Required work:
Of the lines below, reproduce exactly those from the line containing "Transgourmet RIND TAFELSPITZ Angebot" to the end, including both the first and the last.

[Extracted data entries]
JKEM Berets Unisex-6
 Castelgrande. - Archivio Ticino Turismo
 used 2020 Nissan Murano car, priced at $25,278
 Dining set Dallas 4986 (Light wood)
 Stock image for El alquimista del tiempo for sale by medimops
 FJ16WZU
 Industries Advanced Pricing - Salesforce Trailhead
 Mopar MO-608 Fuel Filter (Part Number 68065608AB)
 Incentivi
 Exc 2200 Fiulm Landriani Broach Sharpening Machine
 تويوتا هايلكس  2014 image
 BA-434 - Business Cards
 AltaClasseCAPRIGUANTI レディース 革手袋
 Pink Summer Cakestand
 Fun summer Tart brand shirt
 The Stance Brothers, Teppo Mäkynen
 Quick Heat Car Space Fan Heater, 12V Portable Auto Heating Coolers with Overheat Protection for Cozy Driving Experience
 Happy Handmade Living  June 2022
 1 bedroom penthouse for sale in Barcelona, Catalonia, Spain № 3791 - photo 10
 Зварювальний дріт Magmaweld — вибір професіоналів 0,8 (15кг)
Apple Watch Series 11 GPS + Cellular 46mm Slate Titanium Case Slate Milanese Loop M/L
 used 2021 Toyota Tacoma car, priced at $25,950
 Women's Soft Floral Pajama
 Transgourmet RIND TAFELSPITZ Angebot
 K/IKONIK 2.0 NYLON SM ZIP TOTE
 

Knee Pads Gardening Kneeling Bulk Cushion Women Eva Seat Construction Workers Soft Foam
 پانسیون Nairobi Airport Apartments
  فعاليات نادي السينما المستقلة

Expected answer:
 Transgourmet RIND TAFELSPITZ Angebot
 K/IKONIK 2.0 NYLON SM ZIP TOTE
 

Knee Pads Gardening Kneeling Bulk Cushion Women Eva Seat Construction Workers Soft Foam
 پانسیون Nairobi Airport Apartments
  فعاليات نادي السينما المستقلة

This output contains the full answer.